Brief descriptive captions
---+---
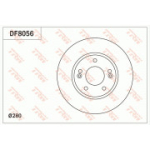 Piduriketas TRW DF8056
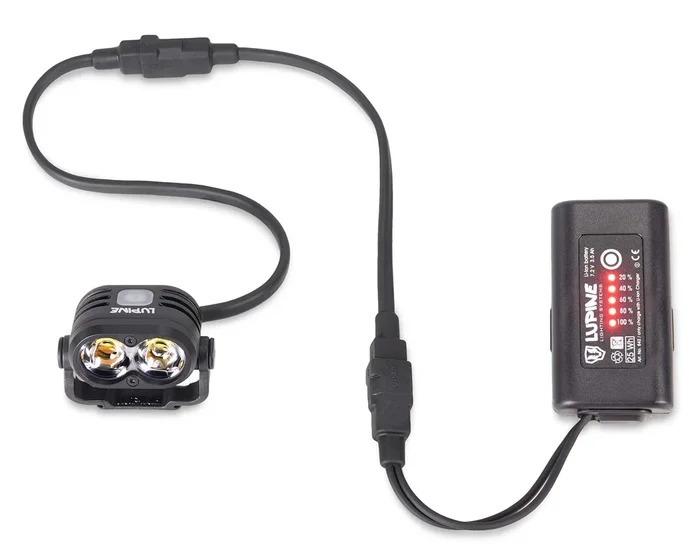 Lupine Akku-Verlängerungskabel für alle Lampentypen außer Alpha | black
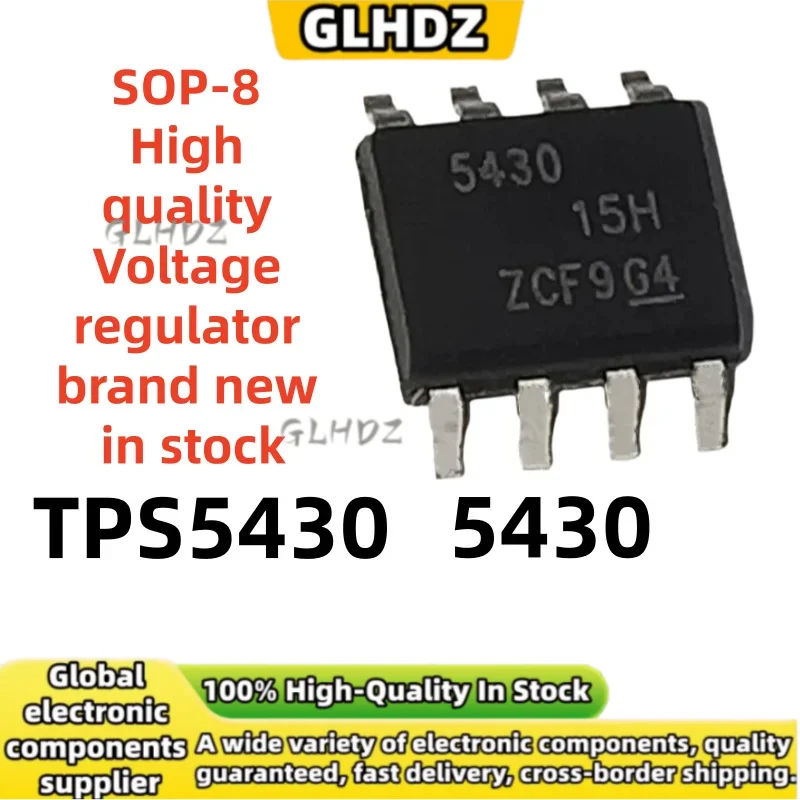 10PCS-20PCS-50PCS TPS5430 5430 Voltage regulator High quality In the warehouse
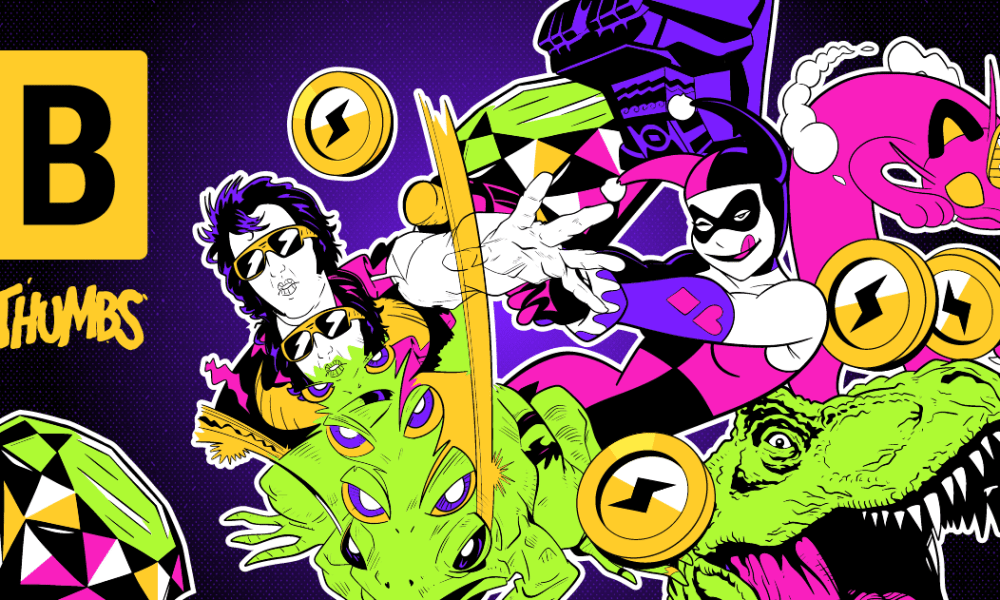 BGaming colabora con el artista inspirado en la cultura pop Thumbs para ICE London BGaming colabora con el artista inspirado en la cultura pop Thumbs para ICE London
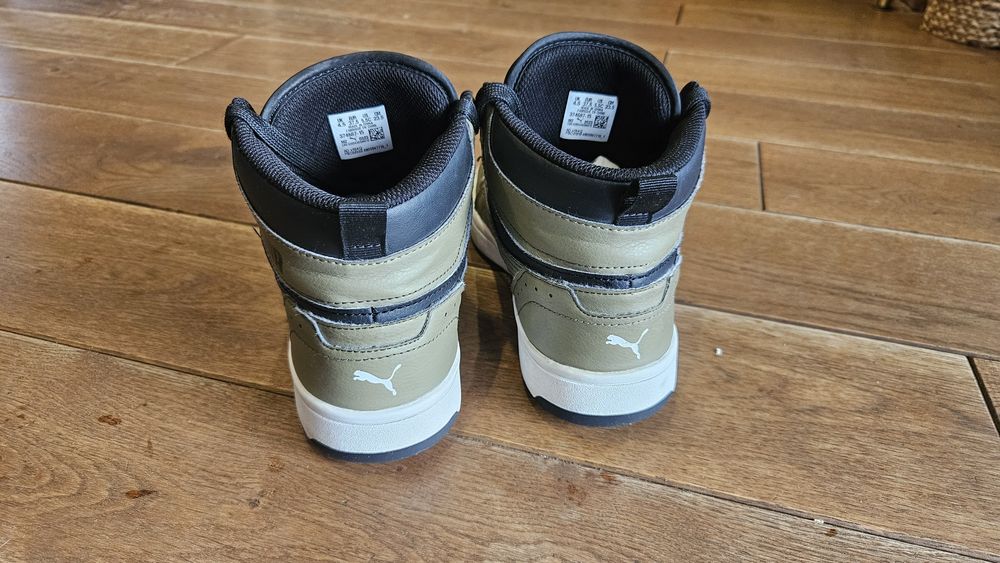 Buty Puma Reabound Joy 37,5 białe zielone czarne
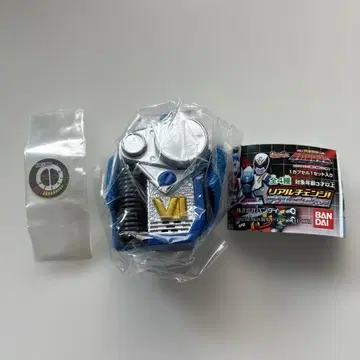특수전대 데카레인저 리얼 체인지 브레스롯 내봉 미개봉품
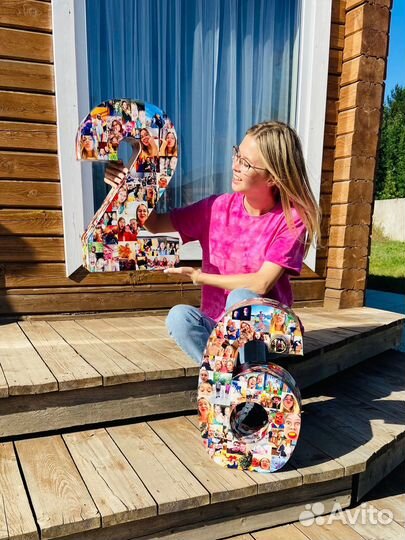 Объемная цифра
---+---
Without including any pictures, print each record exactly.

**SOLUTION TO THE PROBLEM**
 Piduriketas TRW DF8056
 Lupine Akku-Verlängerungskabel für alle Lampentypen außer Alpha | black
 10PCS-20PCS-50PCS TPS5430 5430 Voltage regulator High quality In the warehouse
 BGaming colabora con el artista inspirado en la cultura pop Thumbs para ICE London BGaming colabora con el artista inspirado en la cultura pop Thumbs para ICE London
 Buty Puma Reabound Joy 37,5 białe zielone czarne
특수전대 데카레인저 리얼 체인지 브레스롯 내봉 미개봉품
 Объемная цифра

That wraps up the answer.